The City Council's reversal comes slightly more than two years after Chicago became a worldwide punchline for its ban on serving the delicacy made from the enlarged livers of geese and ducks.
Daley, who had dismissed the ban as "the silliest law the City Council has ever passed," sat in the council chair, squelching debate as aldermen voted 37-6 to legalize foie gras.
Over the shouted objections of Alderman Joe Moore, the ban's sponsor, the council used a parliamentary maneuver to put the ordinance on the floor for a vote.
Alderman Thomas Tunney, a restaurant owner, forced the vote on the measure that prohibits restaurants in the city from serving the delicacy.

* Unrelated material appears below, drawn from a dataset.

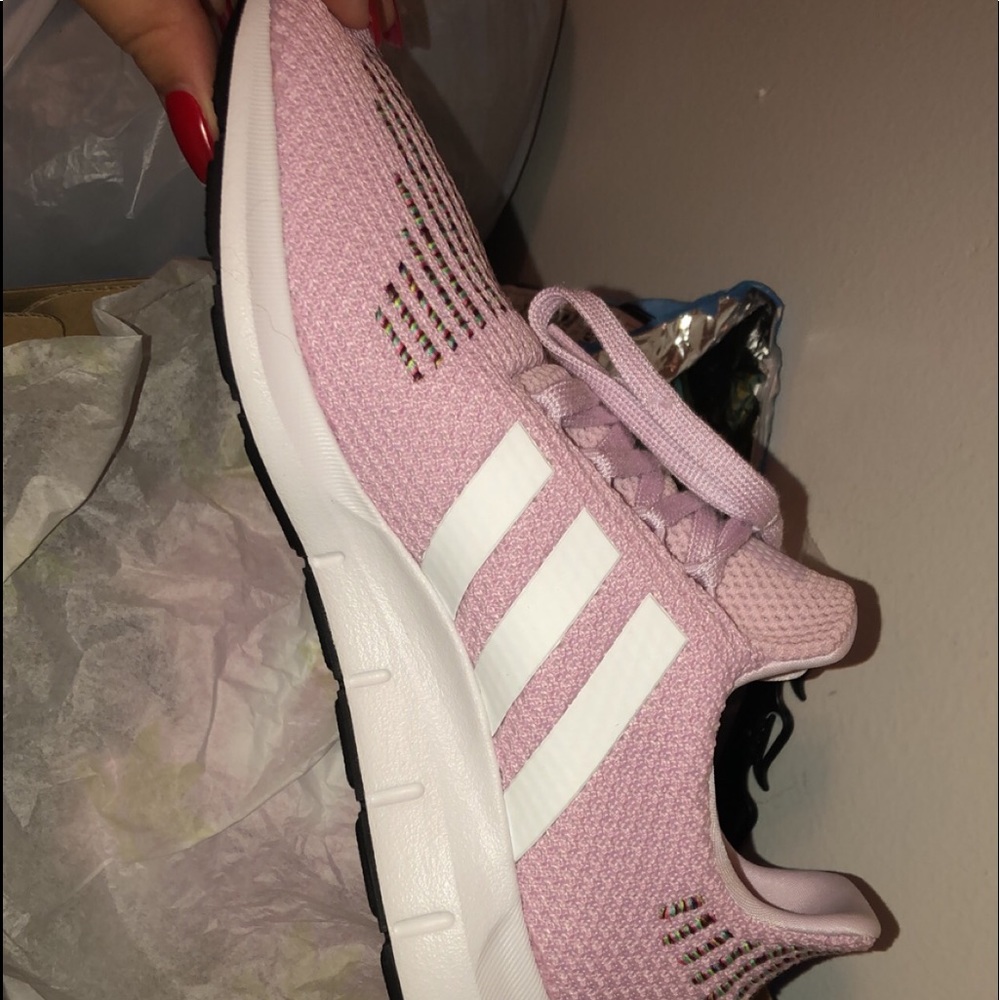 Adidas swift run shoes, size 9.5 Brand new 75$ obo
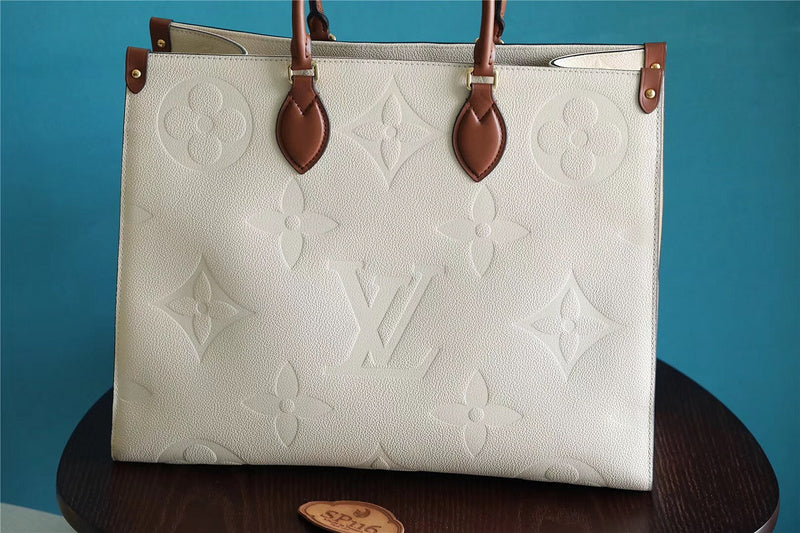 Fan Fashion Lu-Vi bags - 8658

Moore, whose pleas for a debate were ignored by Daley, warned fellow aldermen, "tomorrow it could happen to you."
The council's about-face happened about as quickly as the ban's passage in April 2006, when Moore sneaked the ban into a routine part of the agenda that aldermen approved 48-1.
Not that eating the outsized duck livers really went away. It remained legal to sell them at butcher shops, chefs renamed some dishes and upscale diners would bring them into restaurants to be sprinkled onto their salads.
For some chefs, any stigma associated with violating city ordinance is now removed. For animal-rights activists, Chicago has returned to endorsing what they argue is an unethical dish, given that foie gras is produced by inserting tubes down the necks of geese and ducks. The birds are then force-fed to expand their livers to as much as 10 times the normal size.